(Ehrenberg) Simonsen 1979 Category: Centric
BASIONYM: Gaillonella italica Ehrenberg 1838
SYNONYM(S): Melosira italica (Ehrenberg) Kützing
REPORTED AS: Aulacoseira crenulata (Thwaites 1848)
Frustules are cylindrical and are connected face-to-face to form filamentous colonies. Valves are 4-24 µm in diameter, with a mantle height of 9-20 µm. The ratio of the mantle height to valve diameter usually ranges from 0.7 to 5. The mantle has almost straight sides, and the valve face is flat with slightly convex margins. The straight or slightly sinuous rows of mantle areolae are inclined to the left (sinistrorse) or almost parallel to the pervalvar axis, 17-25 rows in 10 µm. The mantle areolae vary in shape from circular to slit-like. Spines are large, spatulate or anvil-shaped and originate from two to four costae. One or more pervalvar rows of areolae terminate at the base of the spine. Separation valves are rare and have thinner, pointed spines than linking valves. The number of rimoportulae is most often two, but may be one or more per valve. Externally, the rimoportula openings are not distinguishable from areolae. The ringleiste is solid, shallow, and thick. Resting spores are often observed and produced as semi-endogenous pairs. Spore frustules superficially resemble those of vegetative cells, but conspicuously lack visible spines, have thicker cell walls, may have a convex valve face, and often have incomplete rows of mantle areolae. Not all populations of A. italica appear to form resting spores; spores are especially common in fossil deposits and in populations from shallow polymictic lakes.

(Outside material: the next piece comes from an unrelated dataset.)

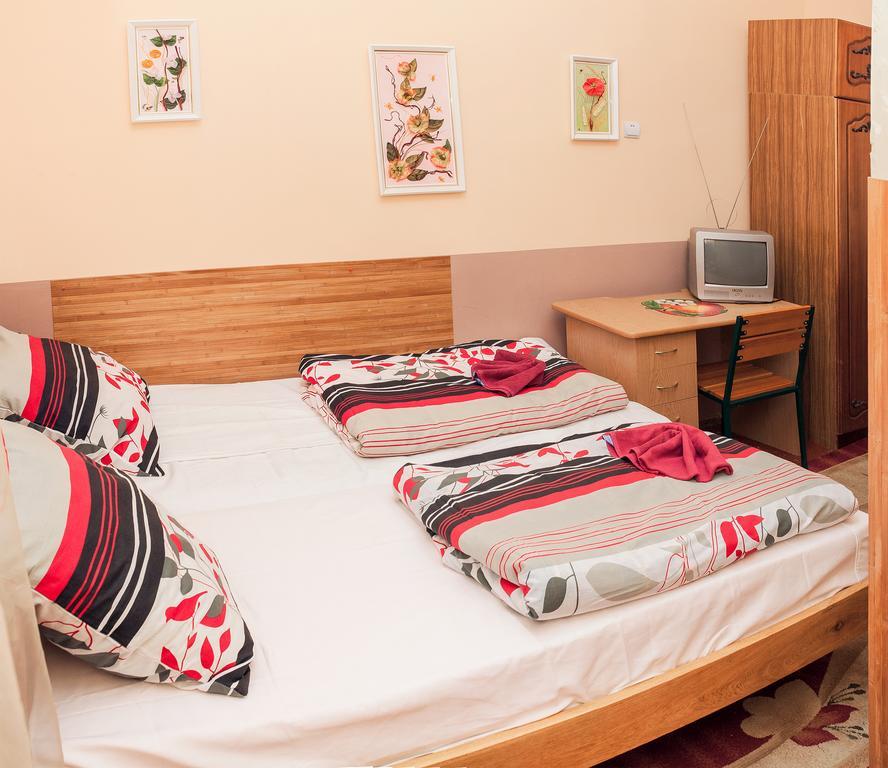Apple Hostel Lemberg Zimmer foto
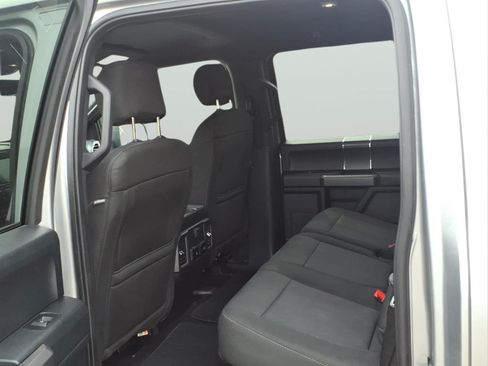 Used 2020 Ford F150 XLT w/ Equipment Group 302A Luxury AWD/4WD image 9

There has long been confusion surrounding the identity of Aulacoseira italica. Crawford et al. (2003) studied type material of both A. italica (Gallionella italica) and A. crenulata, confirmed that they represented the same taxon, and that A. italica was the earlier and correct name. Note that in the type material, the rimoportulae (illustrated in Crawford et al. 2003) are positioned along a stria about 4-5 areolae from the ringleiste and appear internally as long, straight tubes integral with the valve wall. In material from Florida, rimoportulae appear internally as short, sessile processes. The spore forms have also been separately named as Melosira laevis and M. semilaevis (Van Heurck 1882)
Basionym: Gaillonella italica
Author: Ehrenberg 1838
Diameter: 6 µm
Rows of areolae in 10 µm:
Sie unterscheidet sich durch einen gekerbten Cirkelrand von G. distans, könnte aber, da ich nur wenige, nicht völlif deutliche, Exemplare sah, zum Jugendzustand der G. varians gehören. – Grösse 1/384 Linie.
Cite This Page:
Potapova, M., English, J., and Edlund, M. (2010). Aulacoseira italica. In Diatoms of the United States. Retrieved June 26, 2016, from http://westerndiatoms.colorado.edu/taxa/species/aulacoseira_italica
Species: Aulacoseira italica
Reviewer: Sarah Spaulding
Crawford, R.M., Likhoshway, Y.V. and Jahn, R. (2003). Morphology and identity of Aulacoseira italica and typification of Aulacoseira (Bacillariophyta). Diatom Research 18: 1-19.
Ehrenberg, C.G. (1838). Die Infusionsthierchen als vollkommene Organismen. Ein Blick in das tiefere organische Leben de Natur. erlag von Leopold Voss, Leipzig. pp. 1-xvii, 1-548, pls. 1-64.
Kützing, F.T. (1844). Die kieselschaligen Bacillarien oder Diatomeen. Nordhausen. 152 pp., 30 pls.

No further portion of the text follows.